Directed by Mattie Do
Screened at Monster Fest 2016
Mattie Do’s second film, Dearest Sister, is a huge leap forward from her first, Chanthaly, in terms of production and storytelling. Having practically invented the genre scene in Laos, Do’s latest shows that she is really starting to come into her own as filmmaker in her own right. The Australian premiere of Dearest Sister down at Monster Fest is one of many stops along the festival circuit worldwide allowing for more fans to get introduced to Do’s story and her work.
Following a young, poverty-stricken girl named Nok (Phommapunya) from her desperate village to the lavishness of the Laos capital of Vientiane, the vast expanse between the haves and have-nots is already on display from the opening moments. Plucked out of obscurity in order to care for her wealthy cousin, Ana, who is inexplicably going blind, Nok immediately gets a taste and a longing for the finer things in life. Once she learns that Ana has gained a power to commune with the dead, Nok uses that power to her advantage, which eventually leads to her own downfall.
Inspired by a strange Lao belief that spirits bring lottery numbers to the living, the dead that appear for Ana whisper three number sets that Nok uses only to hide the money from everyone else. A lot of Lao families have a penchant for bringing in relatives from the countryside to help in the city. That fact, along with the belief of spirits helping to generate wealth, helps to highlight two cultural elements that make up a great foundation for drama late in the film as both women begin to clash with each other.
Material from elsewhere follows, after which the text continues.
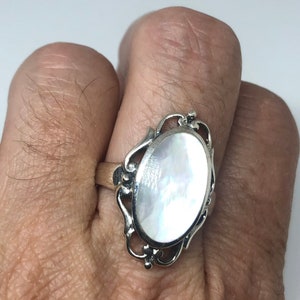 Antique White Mother of Pearl Filigree Sterling Silver Ring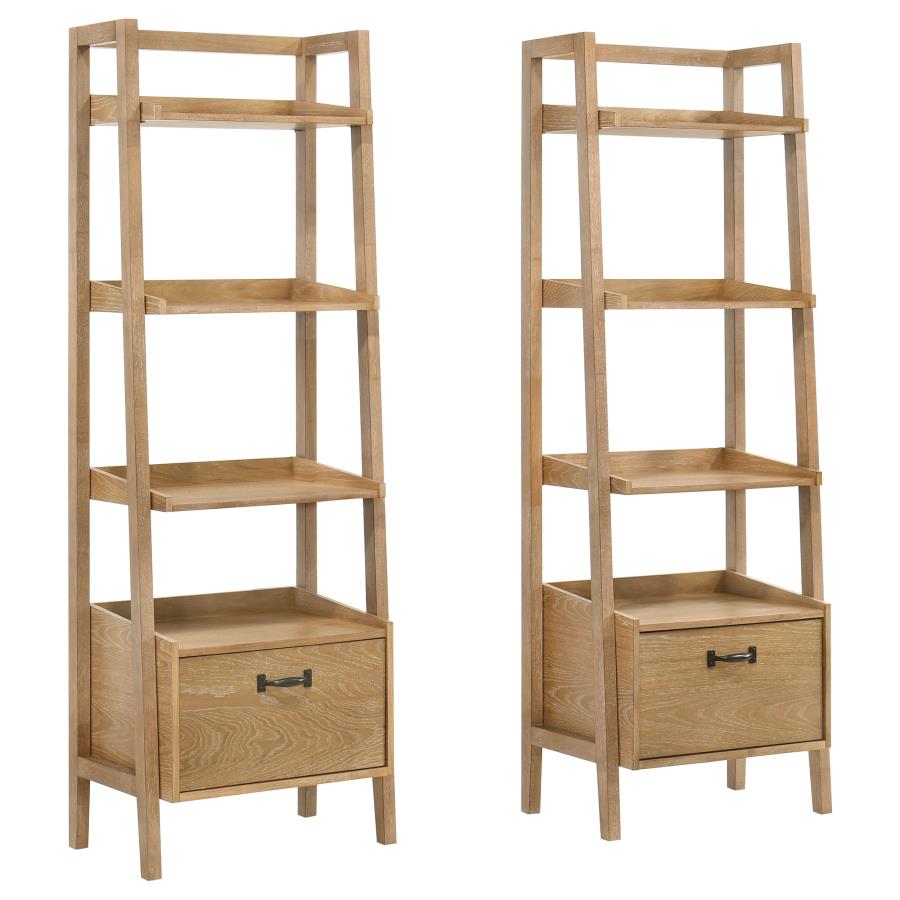 (image for) Fabian 2-piece 3-shelf Bookshelf with Drawer Distressed Light Brown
Dearest Sister is never preachy, but social class constructs do play a role, causing characters to do things they would never consider if there wasn’t such a stigma attached to poverty. The motive for Nok to do what she does is never questioned, and her character remains the protagonist long after she begins her deception.
As the connection between the living grows more desperate, the dead become even more pronounced, depicted in graphic detail with protruding tendons and bones revealing clues as to how they’ve died. There are plenty of warning signs given to both female leads, but sadly for them, not enough of them are taken seriously before the last and, ultimately, most memorable shot of the film.